Livi’s road to becoming an award-winning director required determination, passion, and perseverance to overcome the initial setbacks along the way. “Actually, my first script got rejected 32 times. So, don’t let rejection bring you down. Just (think of it) like, you know what? You’re a step closer to getting it funded,” she said. With this mindset, this young, talented, and inspiring Indonesian woman got to where she is today; a long way from when she first started out on this path with a three-person crew and a dream.
Judith, who has sung a duet with Michael Jackson, added, “I was lucky to work with a lot of different people and inspired by a lot of different people. But in my journey, every chapter I’ve learned that when you’re really true to yourself and you follow what your heart is telling you and you give it all, the stars will align and the doors will open up.”

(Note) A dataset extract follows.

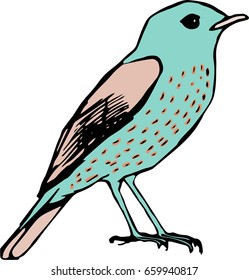 Bird, vector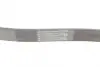 Ремінь генератора Ford Focus/Fiesta/Fusion 1.25-1.6 99-12/Mazda 2 1.25-1.6 03-07 CONTINENTAL Contitech 6PK1042 ELAST (фото 3)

“Bali: Beats of Paradise” explores the beautiful musical art form of Livi’s country through Nyoman Wenten, a Los Angeles-based gamelan artist and ethnomusicology teacher at various institutions, including UCLA. The film gives us an inside look into his collaboration with Grammy Award-winning musician Judith Hill, who has appeared on “The Voice” and Michael Jackson’s “This Is It.” By combining Wenten’s traditional gamelan background with Hill’s modern musical influences, they create a beautiful masterpiece of gamelan, Balinese dance, and funk music in the music video “Queen of the Hill,” which has garnered over 1 million views on YouTube.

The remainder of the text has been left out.